[EXERCISE DESCRIPTION]
Among the entries below, one stretch runs from the line that contains "5951 Dalmation Dr, Bethel" through the line that contains "Building Photo - 2818 Dusk Dr". Repeat that stretch exactly, ends included, and only that.

[THE RECORDS]
↓↓↓
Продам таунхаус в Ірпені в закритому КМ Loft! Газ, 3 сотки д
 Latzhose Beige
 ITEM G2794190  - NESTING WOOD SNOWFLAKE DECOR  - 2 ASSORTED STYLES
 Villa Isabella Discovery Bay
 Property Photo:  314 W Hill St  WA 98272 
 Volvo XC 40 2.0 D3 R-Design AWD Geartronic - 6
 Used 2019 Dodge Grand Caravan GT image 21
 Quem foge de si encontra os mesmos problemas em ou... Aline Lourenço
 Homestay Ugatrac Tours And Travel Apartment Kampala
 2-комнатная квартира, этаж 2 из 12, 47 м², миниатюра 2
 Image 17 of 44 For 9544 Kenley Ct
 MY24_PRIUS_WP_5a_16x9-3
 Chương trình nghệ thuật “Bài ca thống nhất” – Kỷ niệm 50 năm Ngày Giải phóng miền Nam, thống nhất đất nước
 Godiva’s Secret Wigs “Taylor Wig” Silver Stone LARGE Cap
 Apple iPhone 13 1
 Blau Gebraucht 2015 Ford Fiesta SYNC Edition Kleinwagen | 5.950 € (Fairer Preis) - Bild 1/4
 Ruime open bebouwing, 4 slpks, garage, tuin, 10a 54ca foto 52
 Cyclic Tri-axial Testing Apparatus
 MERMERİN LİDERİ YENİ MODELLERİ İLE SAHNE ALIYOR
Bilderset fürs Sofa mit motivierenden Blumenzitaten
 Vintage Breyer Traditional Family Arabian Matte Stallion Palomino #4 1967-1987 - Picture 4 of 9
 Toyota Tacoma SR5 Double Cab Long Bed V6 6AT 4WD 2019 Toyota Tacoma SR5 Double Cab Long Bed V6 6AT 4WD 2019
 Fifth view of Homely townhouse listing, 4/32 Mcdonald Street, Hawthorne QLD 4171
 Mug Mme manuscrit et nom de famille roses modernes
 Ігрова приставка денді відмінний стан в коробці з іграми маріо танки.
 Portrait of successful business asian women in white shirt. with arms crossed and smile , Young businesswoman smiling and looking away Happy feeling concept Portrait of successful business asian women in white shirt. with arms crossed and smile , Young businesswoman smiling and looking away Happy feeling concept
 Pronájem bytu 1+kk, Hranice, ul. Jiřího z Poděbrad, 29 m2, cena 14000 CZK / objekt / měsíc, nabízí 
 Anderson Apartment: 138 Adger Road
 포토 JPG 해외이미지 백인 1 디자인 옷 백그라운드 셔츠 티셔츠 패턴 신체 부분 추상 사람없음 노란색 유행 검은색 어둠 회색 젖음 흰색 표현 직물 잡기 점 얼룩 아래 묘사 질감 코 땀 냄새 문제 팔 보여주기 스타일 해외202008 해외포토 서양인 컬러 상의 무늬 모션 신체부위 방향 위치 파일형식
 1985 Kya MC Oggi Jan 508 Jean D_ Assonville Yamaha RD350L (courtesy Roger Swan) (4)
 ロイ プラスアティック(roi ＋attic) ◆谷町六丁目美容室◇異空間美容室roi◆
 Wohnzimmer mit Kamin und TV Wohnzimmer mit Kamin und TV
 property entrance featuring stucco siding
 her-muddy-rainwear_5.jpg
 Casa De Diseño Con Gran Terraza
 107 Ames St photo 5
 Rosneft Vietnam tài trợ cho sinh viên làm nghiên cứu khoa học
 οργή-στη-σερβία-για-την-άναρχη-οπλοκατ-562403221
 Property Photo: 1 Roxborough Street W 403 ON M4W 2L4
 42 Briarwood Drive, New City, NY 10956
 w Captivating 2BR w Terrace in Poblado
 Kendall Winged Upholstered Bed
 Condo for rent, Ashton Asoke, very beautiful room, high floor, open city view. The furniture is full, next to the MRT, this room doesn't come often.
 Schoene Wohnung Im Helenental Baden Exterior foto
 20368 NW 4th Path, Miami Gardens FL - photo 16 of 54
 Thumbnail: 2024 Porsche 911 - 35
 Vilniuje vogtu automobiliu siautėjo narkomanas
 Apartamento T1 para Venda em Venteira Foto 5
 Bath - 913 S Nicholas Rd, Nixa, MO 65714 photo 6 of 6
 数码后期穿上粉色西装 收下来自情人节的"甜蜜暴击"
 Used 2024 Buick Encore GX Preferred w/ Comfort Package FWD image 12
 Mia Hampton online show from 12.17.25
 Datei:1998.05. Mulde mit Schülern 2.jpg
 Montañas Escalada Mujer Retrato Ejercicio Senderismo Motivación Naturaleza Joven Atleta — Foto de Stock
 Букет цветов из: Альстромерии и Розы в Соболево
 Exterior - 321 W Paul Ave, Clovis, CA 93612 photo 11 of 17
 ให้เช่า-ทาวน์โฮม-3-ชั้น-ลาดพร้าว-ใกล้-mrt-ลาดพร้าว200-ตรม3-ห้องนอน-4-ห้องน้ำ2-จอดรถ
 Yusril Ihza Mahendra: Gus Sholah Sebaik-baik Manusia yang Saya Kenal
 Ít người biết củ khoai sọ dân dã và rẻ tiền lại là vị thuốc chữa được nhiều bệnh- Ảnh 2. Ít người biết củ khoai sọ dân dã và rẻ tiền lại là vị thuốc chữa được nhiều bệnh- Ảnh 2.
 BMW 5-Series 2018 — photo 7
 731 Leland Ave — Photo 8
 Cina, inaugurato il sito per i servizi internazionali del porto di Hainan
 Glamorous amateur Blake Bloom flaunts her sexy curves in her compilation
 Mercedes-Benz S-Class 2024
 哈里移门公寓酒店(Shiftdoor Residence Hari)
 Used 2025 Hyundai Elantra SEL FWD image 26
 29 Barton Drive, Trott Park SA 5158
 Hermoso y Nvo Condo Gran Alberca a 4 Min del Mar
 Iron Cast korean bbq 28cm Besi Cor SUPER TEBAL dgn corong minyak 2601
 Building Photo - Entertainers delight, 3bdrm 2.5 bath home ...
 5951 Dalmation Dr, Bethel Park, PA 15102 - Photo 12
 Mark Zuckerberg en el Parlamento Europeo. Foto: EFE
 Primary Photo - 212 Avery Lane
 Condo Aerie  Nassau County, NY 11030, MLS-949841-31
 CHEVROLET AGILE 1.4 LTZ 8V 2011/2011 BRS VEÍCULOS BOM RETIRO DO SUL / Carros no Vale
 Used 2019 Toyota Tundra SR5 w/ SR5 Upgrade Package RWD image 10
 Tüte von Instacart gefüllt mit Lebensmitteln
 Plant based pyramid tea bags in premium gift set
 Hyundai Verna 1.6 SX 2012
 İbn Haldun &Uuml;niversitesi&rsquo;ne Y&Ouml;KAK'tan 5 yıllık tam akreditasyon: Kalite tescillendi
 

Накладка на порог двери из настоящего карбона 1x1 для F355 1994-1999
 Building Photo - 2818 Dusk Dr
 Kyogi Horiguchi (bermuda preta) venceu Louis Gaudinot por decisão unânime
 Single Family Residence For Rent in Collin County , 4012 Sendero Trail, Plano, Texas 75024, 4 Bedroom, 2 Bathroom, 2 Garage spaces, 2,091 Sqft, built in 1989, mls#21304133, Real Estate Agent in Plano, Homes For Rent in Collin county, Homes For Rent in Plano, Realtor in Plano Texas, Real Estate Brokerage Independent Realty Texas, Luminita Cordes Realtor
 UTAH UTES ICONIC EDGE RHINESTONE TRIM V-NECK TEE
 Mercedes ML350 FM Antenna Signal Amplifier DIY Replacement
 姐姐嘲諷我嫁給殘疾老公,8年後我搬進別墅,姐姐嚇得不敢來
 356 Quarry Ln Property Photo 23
↑↑↑
[OUTPUT FOR THIS TASK]
 5951 Dalmation Dr, Bethel Park, PA 15102 - Photo 12
 Mark Zuckerberg en el Parlamento Europeo. Foto: EFE
 Primary Photo - 212 Avery Lane
 Condo Aerie  Nassau County, NY 11030, MLS-949841-31
 CHEVROLET AGILE 1.4 LTZ 8V 2011/2011 BRS VEÍCULOS BOM RETIRO DO SUL / Carros no Vale
 Used 2019 Toyota Tundra SR5 w/ SR5 Upgrade Package RWD image 10
 Tüte von Instacart gefüllt mit Lebensmitteln
 Plant based pyramid tea bags in premium gift set
 Hyundai Verna 1.6 SX 2012
 İbn Haldun &Uuml;niversitesi&rsquo;ne Y&Ouml;KAK'tan 5 yıllık tam akreditasyon: Kalite tescillendi
 

Накладка на порог двери из настоящего карбона 1x1 для F355 1994-1999
 Building Photo - 2818 Dusk Dr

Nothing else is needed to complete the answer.